Red light cameras make a lot of money for a lot of people and they’re cheap to operate. The companies making and selling them take half, sometimes more, of the profits. Municipalities are so reliant on the income that it’s no longer enough to take what they can get from whatever infractions do occur; they are ever lowering the bar and raising the fees. Local government budgets on the assumption that traffic fines will deliver certain dollar amounts. In the real world, it’s high folly to spend in January as if you know you’ll get a bonus in December. In government, you give yourself a bonus by creating a ‘crime’ and punishing it with fines.
On top of that, the explosion of those cameras creates a lot (a lot) of data points that have more uses than have yet been imagined. The camera companies and municipal governments have no shortage of customers for that data. Sell a copy to all your friends for extra cash and keep the original in order to watch people. From a governmental viewpoint, it’s a win-win.
State and Federal agencies also like it – they’ve got someone else collecting the data and those cameras generate revenue that local government would otherwise be asking them for.
In short, the forces aligned against this are myriad and potent. It’s a pure party line bill; all 19 sponsors are with the GOP and it’s been assigned to State, Veteran, and Military Affairs. If it does last long enough to get any press, Dems will easily explain the need to let it die with standard lines about this being no time to cut revenue from local government. Yes, that means they are in favor of cutting revenue from the people who actually earn it, but they have top notch people helping them prepare talking points to avoid admitting these things.

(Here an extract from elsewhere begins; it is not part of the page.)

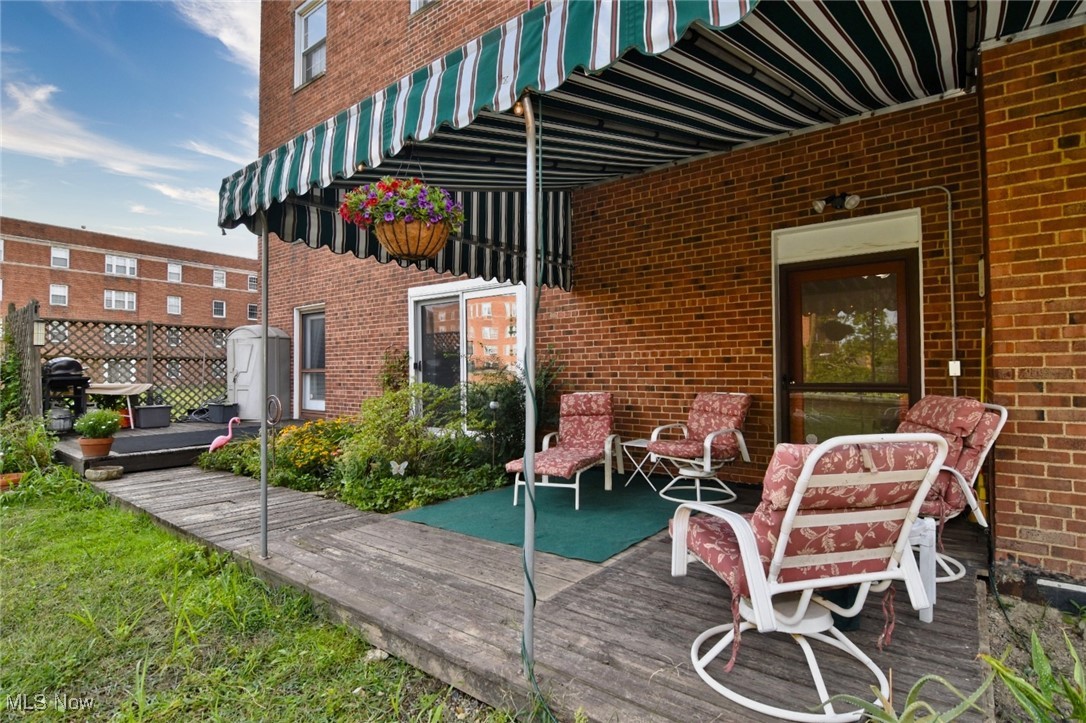 13800 Fairhill Road 207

Proponents of getting rid of red-light cameras get tarred as privacy fanatics (‘You don’t have an expectation of privacy in public anyway – what’s wrong with being photographed everywhere you go and having that data passed around’ – as if the lack of EoP in public and constant surveillance are just neighboring shades of gray) or as general anti-government types (which is utterly true – I loathe government and will pretty much always prefer cutting it down), or, lastly, as speed freaks who just want it to be easier to break traffic laws.
That last one is a sleazy bait-and-switch. Disagreeing about the best solution to a problem is not the same thing as saying the problem doesn’t exist. Speeding is hardly the sort of culture-threatening crisis that requires the overkill of surveillance technology. But it makes money for people for give some of that money to legislators. I wish I had faith that this bill would go someplace, but, barring a miracle, it’s as good as dead right now.